Wednesday, April 6, 2011

Olive Oil-Orange Pound Cake

Hello Friends.

You'll be seeing a lot of me on here as Kate is busy finishing up her last semester of school for her MSW.  keep it up, kk.  you're a rock star. 

So I would like to preface this entire blog (a little late I know, but work with me) by saying that Kate and I are recent foodies, just diving in to this fascinating culinary world.  There are many things we make up (such as kate's mexican creation post) but there are many things we have to get inspiration for.  That inspiration comes from cook books, recipes in magazines (that I unashamedly steal out of magazines from doctor's offices, magazines at the gym, etc), and websites.  I'd venture to say that outside of foodnetwork.com, bhg.com, and cookinglight.com, our fav go-to lady is none other than thepioneerwoman.com.  Ok, just had to explain all that before I get on with the post.  I found this on her site from ANOTHER blog she follows and it looked too good NOT to try.  It's a Portuguese guy (from what I gather- I was on the site very quickly- just to get this recipe) and I had never heard of anything like this, so, without further ado, the Olive Oil Orange Pound Cake from http://leitesculinaria.com:

Ingredients
  • Nonstick baking spray with flour
  • 4 to 5 large navel oranges
  • 3 1/2 cups all-purpose flour
  • 1 1/2 teaspoons baking powder
  • 1 3/4 teaspoons kosher salt
  • 5 large eggs
  • 3 cups granulated sugar
  • 1 1/2 cups mild extra-virgin olive oil
  • Confectioners’ sugar, for sprinkling

Directions

  •  Position a rack in the middle of the oven, remove any racks above, and crank up the heat to 350°F (175°C).

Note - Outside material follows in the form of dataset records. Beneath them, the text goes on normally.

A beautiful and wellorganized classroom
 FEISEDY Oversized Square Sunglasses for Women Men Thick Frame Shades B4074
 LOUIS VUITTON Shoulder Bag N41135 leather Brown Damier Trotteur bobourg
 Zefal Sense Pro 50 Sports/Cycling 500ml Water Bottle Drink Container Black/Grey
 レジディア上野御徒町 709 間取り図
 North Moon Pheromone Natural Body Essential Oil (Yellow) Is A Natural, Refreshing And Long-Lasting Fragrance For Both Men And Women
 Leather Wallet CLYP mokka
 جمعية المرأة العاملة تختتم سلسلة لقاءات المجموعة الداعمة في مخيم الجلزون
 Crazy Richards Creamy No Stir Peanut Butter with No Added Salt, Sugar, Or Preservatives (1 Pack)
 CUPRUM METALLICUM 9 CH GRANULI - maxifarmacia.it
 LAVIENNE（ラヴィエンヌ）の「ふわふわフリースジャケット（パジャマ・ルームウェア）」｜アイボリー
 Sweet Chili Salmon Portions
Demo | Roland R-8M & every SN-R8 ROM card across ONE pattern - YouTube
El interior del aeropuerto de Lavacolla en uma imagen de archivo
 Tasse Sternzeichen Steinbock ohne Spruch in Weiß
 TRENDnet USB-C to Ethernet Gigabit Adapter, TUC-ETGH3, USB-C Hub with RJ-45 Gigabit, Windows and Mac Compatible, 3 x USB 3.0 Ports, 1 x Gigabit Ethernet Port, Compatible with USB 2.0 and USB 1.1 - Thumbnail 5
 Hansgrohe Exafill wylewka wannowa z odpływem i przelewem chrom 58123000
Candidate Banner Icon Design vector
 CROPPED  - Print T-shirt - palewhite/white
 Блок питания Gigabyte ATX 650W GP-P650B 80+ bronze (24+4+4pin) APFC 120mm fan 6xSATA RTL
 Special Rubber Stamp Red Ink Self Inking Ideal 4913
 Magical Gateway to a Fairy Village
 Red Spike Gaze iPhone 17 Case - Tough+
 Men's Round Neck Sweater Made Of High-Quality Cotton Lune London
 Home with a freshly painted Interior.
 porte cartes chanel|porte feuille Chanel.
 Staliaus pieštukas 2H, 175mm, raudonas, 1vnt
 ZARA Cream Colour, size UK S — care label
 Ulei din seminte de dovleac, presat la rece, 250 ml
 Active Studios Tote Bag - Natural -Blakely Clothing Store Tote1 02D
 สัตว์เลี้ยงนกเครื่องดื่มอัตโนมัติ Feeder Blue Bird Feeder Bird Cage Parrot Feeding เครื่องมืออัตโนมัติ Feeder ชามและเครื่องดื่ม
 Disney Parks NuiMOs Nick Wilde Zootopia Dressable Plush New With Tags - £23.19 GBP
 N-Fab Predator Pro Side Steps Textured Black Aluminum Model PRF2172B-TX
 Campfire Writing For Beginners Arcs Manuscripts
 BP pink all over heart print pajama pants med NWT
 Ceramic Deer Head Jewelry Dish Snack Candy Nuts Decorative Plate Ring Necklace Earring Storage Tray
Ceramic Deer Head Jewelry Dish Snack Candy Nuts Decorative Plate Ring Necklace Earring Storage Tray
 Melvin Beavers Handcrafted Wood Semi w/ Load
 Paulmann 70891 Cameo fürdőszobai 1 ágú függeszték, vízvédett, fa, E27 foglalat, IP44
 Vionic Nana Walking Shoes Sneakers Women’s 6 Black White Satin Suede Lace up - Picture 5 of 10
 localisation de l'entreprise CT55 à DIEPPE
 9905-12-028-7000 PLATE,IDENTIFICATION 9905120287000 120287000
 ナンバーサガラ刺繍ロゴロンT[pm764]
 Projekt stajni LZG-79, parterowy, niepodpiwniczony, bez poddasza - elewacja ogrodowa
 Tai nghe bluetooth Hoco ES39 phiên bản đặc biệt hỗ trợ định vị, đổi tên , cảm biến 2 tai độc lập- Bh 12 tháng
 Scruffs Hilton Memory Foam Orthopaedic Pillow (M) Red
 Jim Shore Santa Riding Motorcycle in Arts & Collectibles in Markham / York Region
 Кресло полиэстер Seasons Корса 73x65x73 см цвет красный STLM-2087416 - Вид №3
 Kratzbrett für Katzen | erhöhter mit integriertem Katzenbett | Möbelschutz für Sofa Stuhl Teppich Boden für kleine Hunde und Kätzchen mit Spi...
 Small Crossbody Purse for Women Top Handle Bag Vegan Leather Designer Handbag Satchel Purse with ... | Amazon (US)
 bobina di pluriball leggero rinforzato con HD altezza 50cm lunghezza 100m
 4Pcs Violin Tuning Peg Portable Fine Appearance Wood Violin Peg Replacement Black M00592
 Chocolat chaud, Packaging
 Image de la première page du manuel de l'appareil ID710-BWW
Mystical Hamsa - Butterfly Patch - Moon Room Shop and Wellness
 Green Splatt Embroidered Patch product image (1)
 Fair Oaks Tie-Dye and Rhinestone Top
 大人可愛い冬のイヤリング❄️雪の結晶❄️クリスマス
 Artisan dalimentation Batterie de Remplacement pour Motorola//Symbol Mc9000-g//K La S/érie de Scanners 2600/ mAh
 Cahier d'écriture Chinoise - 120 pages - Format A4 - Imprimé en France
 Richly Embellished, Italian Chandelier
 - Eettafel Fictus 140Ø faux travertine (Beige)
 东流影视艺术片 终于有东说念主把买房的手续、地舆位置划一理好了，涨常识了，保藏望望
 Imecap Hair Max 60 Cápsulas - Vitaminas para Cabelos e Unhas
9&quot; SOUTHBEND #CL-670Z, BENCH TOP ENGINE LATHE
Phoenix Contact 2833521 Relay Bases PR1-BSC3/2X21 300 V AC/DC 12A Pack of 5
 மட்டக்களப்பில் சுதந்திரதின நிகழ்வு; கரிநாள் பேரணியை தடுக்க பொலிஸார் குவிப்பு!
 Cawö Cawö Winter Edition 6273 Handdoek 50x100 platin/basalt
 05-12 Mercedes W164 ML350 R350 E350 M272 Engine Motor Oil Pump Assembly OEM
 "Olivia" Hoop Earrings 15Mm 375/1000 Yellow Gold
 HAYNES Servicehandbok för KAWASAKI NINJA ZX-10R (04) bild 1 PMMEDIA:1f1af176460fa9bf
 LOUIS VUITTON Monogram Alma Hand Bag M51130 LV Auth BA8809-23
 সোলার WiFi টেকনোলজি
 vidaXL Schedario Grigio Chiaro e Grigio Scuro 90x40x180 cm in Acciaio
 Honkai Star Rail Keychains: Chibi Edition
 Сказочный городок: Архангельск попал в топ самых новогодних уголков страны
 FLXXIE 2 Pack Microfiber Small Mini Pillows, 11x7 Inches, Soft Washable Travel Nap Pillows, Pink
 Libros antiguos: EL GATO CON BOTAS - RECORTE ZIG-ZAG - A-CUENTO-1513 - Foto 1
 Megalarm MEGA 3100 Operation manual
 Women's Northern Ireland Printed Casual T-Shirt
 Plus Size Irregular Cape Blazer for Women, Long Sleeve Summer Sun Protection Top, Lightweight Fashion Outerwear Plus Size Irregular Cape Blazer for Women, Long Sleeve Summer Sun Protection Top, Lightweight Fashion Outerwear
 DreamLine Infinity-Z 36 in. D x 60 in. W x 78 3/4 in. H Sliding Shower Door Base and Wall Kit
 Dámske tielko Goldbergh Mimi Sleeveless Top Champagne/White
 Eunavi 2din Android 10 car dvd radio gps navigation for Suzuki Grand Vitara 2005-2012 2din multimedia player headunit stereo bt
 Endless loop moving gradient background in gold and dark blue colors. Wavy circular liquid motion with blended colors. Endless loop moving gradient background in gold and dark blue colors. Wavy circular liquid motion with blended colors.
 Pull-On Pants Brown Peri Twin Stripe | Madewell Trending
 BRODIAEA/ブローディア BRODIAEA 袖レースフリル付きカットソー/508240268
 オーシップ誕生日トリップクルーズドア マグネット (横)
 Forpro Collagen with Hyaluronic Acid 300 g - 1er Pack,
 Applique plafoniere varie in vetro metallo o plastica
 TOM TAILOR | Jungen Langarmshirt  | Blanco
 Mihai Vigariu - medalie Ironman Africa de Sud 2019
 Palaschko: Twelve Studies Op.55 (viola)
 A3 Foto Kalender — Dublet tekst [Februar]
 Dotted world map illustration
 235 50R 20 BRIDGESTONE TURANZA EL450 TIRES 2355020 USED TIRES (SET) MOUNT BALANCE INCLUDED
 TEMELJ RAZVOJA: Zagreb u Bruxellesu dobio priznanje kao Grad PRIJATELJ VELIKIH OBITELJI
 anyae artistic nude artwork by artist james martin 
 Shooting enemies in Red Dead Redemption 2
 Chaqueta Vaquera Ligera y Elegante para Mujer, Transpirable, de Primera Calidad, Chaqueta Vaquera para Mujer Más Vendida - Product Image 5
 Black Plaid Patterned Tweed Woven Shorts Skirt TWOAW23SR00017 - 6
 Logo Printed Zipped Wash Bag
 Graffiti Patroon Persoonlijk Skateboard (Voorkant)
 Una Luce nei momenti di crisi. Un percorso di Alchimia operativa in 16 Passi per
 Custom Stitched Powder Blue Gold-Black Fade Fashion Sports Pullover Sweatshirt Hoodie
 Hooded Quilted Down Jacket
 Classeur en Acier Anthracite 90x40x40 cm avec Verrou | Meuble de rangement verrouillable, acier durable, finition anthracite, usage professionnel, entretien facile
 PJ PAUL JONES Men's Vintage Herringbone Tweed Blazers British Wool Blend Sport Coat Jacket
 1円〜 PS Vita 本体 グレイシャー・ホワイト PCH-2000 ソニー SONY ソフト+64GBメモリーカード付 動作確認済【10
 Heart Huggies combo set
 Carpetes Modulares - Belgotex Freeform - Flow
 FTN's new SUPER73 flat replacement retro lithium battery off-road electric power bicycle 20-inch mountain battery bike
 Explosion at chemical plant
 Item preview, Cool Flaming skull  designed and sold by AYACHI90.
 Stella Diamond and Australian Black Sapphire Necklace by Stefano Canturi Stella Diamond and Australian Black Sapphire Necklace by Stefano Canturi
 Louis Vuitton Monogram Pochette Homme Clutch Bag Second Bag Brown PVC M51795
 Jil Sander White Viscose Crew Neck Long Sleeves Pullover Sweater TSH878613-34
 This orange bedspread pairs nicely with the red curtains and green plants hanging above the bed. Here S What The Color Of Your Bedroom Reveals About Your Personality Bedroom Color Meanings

Coat a 12-cup Bundt or tube pan with baking spray and set aside.
  • Finely grate the zest of 3 of the oranges, then squeeze 4 of them. You should have 1 1/2 cups of juice; if not, squeeze the 5th orange. Set aside.
  •  Whisk together the flour, baking powder, and salt in a large bowl and set aside.
  •  In the bowl of a stand mixer fitted with a paddle attachment, or with a hand held mixer in a large bowl, beat the eggs on medium-high speed until well-combined, about 1 minute. Slowly pour in the granulated sugar and continue beating until thick and pale yellow, about 3 minutes. On low speed, alternate adding the flour mixture and oil, starting and ending with the flour, and beat until just a few wisps of flour remain. Pour in the orange juice and zest and whirl for a few seconds to bring the batter together.
  • Pour the batter into the prepared pan and bake until a cake tester comes out with a few moist crumbs clinging to it, about 1 1/4 hours. If the top is browning too much as the cake bakes, cover lightly with foil. Transfer to a wire rack and cool for 15 minutes.
  •  Turn the cake out onto the rack and cool completely, then place it in a covered cake stand and let it sit overnight. Just before serving, dust with powdered sugar.
look at that delectable orange zest in there.  this cake is truly, truly delicious in every way.  so moist, so light (did you notice there's no butter??) and so refreshing.  a perfect go-to if you need to bring something somewhere and you're not feeling chocolate.  i bet you could even substitute the orange with some lemon or grapefruit or lime for other variations.  however you make it, you need to try this cake.  it's DELISH and a half.